Repeat the whole listing word for word, skipping pictures.

──────────────────────────────

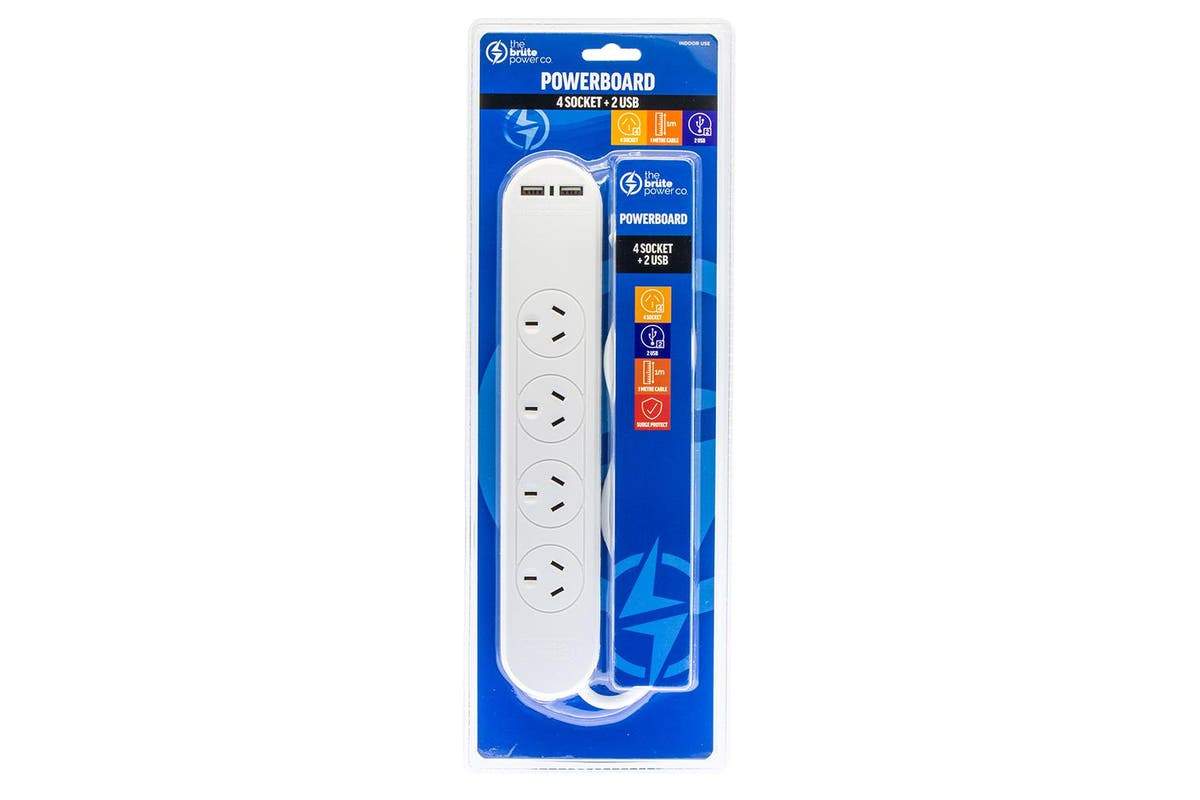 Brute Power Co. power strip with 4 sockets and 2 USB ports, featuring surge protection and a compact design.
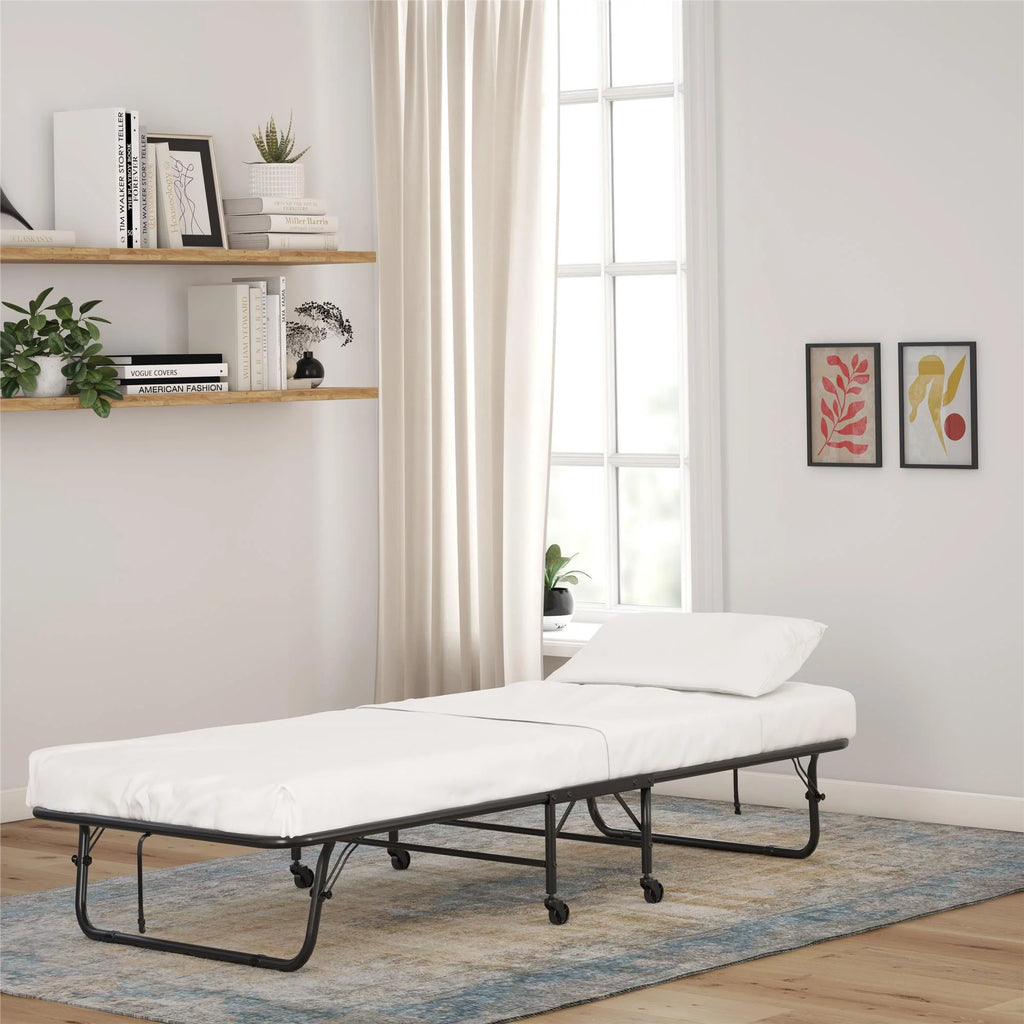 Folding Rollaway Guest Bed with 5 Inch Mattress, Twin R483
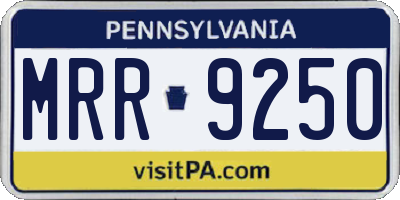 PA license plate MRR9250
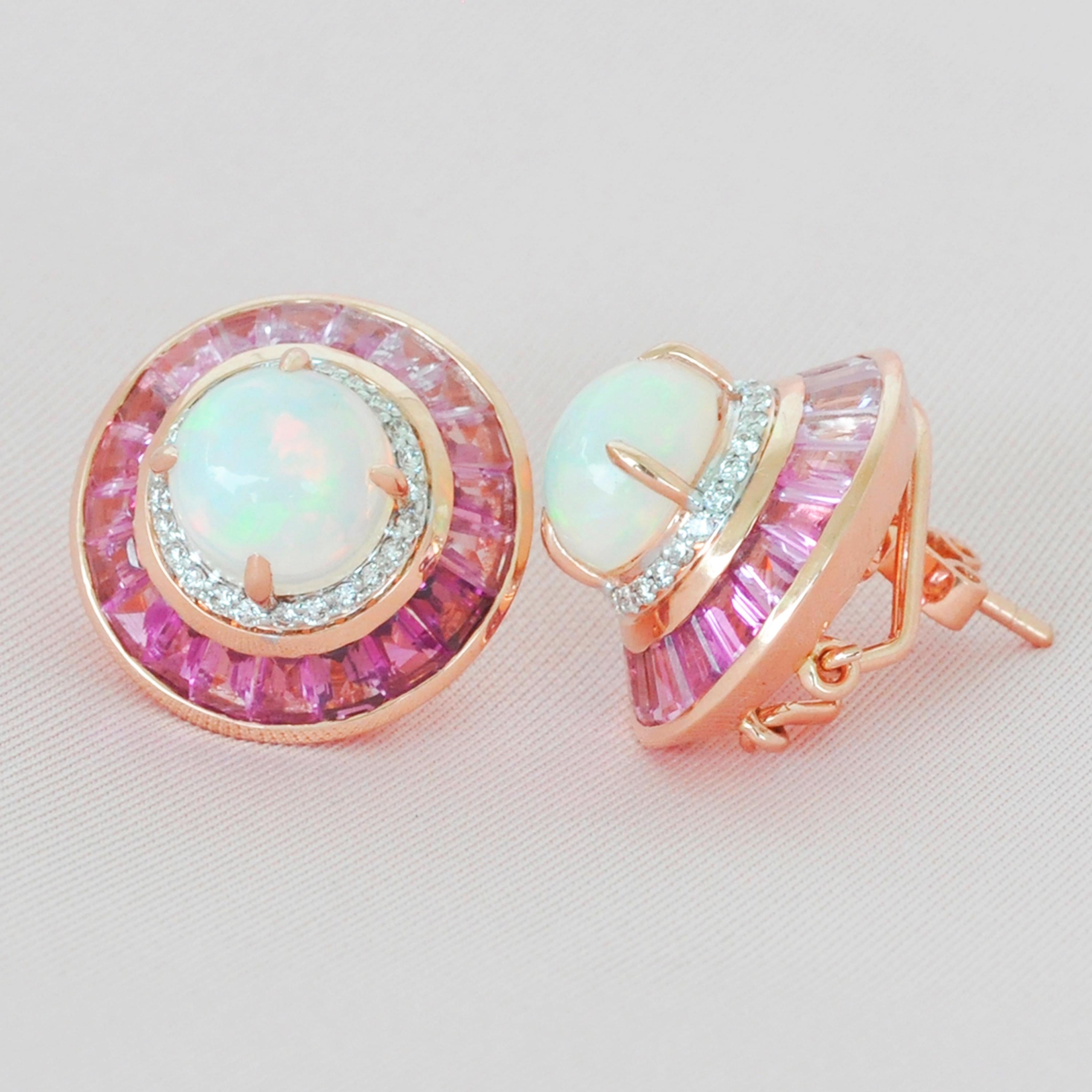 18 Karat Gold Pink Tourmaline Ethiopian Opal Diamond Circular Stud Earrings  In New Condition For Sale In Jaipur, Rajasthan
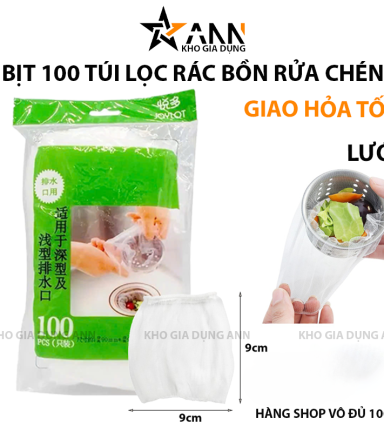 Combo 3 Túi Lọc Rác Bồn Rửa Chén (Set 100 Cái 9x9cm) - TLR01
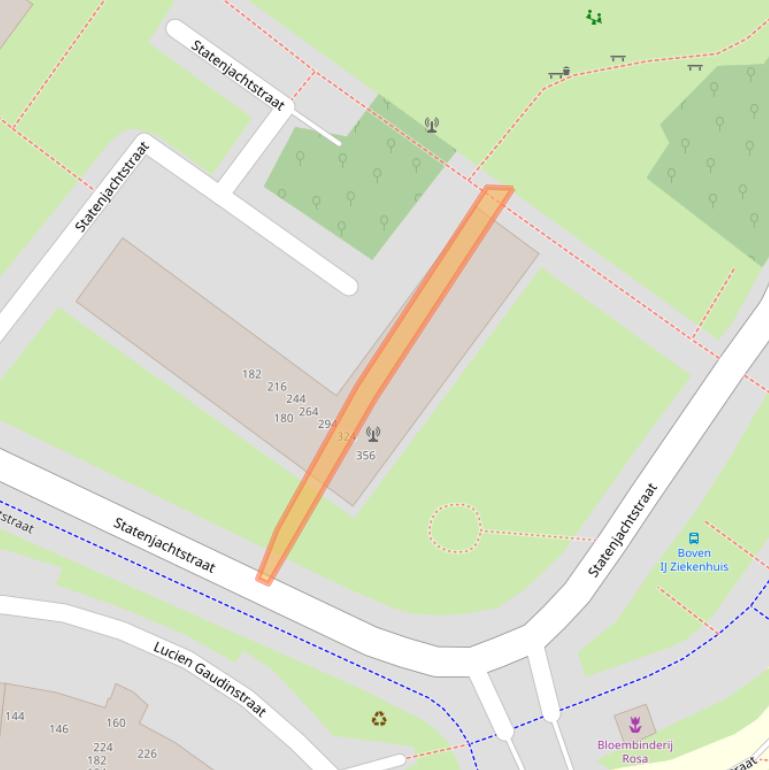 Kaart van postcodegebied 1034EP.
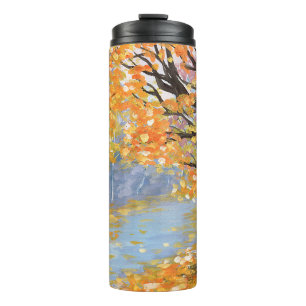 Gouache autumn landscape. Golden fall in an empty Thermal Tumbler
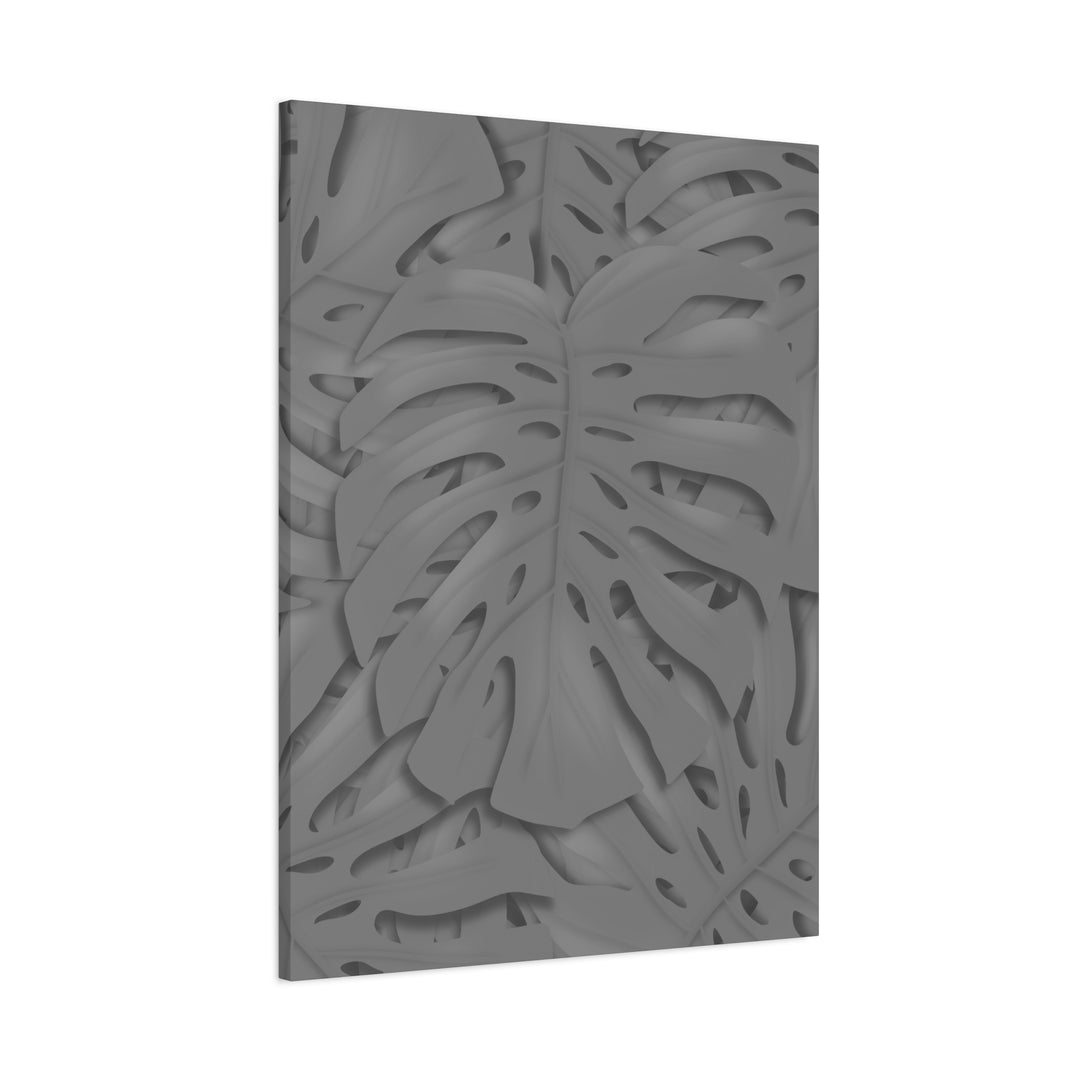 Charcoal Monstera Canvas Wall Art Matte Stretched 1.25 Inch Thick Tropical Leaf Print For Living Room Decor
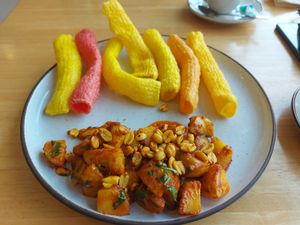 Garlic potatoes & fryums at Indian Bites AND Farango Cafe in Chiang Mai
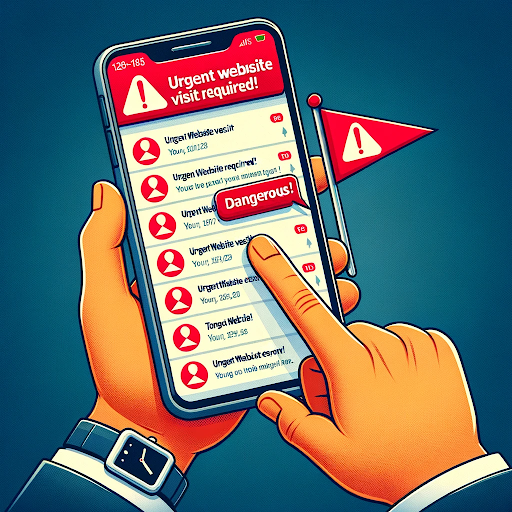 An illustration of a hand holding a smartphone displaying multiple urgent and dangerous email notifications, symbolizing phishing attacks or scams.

──────────────────────────────

> Answer section:
 Brute Power Co. power strip with 4 sockets and 2 USB ports, featuring surge protection and a compact design.
 Folding Rollaway Guest Bed with 5 Inch Mattress, Twin R483
 PA license plate MRR9250
 18 Karat Gold Pink Tourmaline Ethiopian Opal Diamond Circular Stud Earrings  In New Condition For Sale In Jaipur, Rajasthan
 Combo 3 Túi Lọc Rác Bồn Rửa Chén (Set 100 Cái 9x9cm) - TLR01
 Kaart van postcodegebied 1034EP.
 Gouache autumn landscape. Golden fall in an empty Thermal Tumbler
 Charcoal Monstera Canvas Wall Art Matte Stretched 1.25 Inch Thick Tropical Leaf Print For Living Room Decor
 Garlic potatoes & fryums at Indian Bites AND Farango Cafe in Chiang Mai
 An illustration of a hand holding a smartphone displaying multiple urgent and dangerous email notifications, symbolizing phishing attacks or scams.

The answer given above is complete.